▶ _Exercise goal_: In the entries below, repeat only the lines between those holding "Louise Plug-In Wall Lamp" and "Evelynevwlyn photo on Jungo Live", inclusive. Leave pictures out.

▶ _Data for review_:
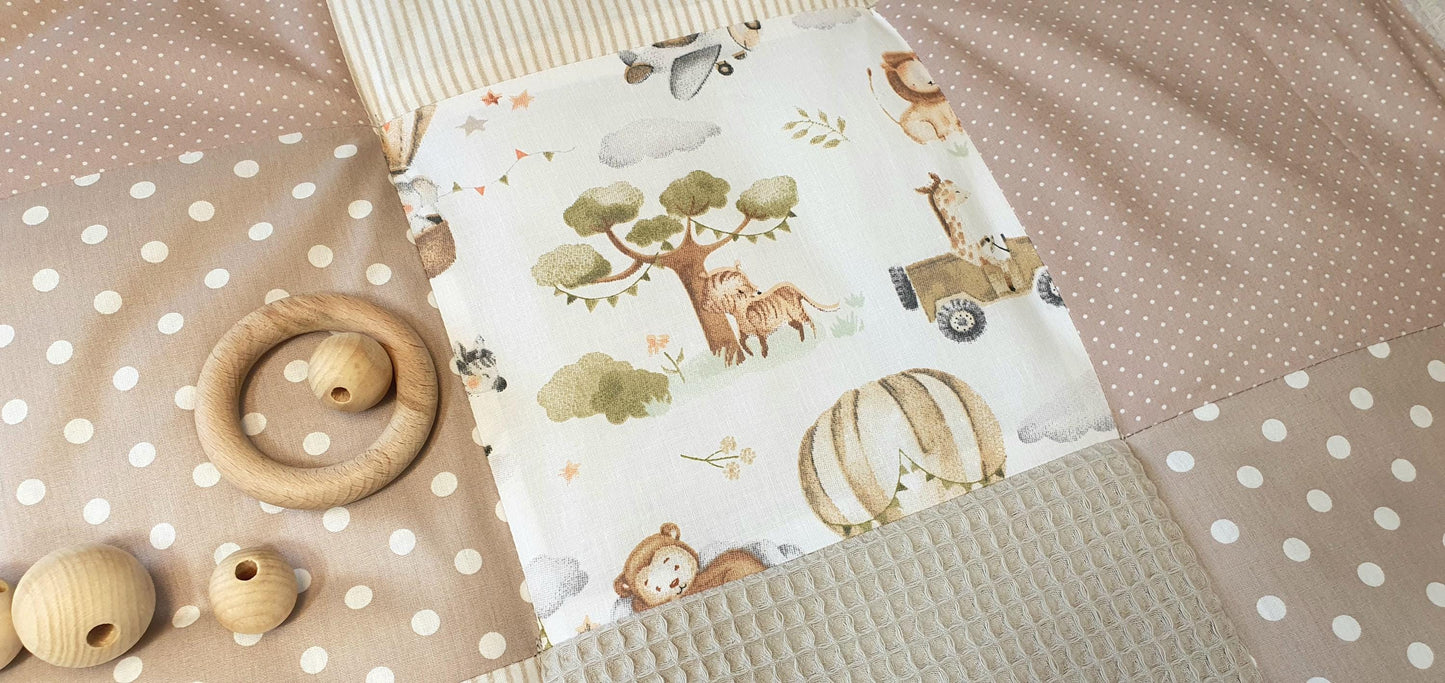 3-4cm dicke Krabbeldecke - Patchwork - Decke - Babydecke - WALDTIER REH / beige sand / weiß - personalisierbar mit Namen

...

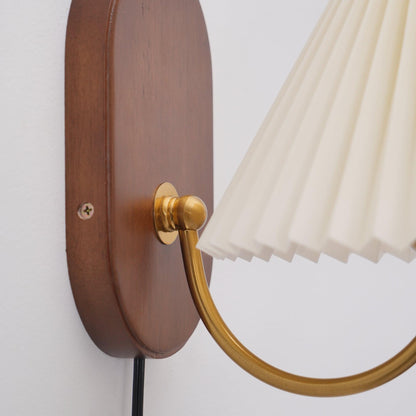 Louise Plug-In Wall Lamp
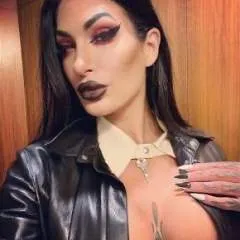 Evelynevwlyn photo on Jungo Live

▶ _Finished task_:
 Louise Plug-In Wall Lamp
 Evelynevwlyn photo on Jungo Live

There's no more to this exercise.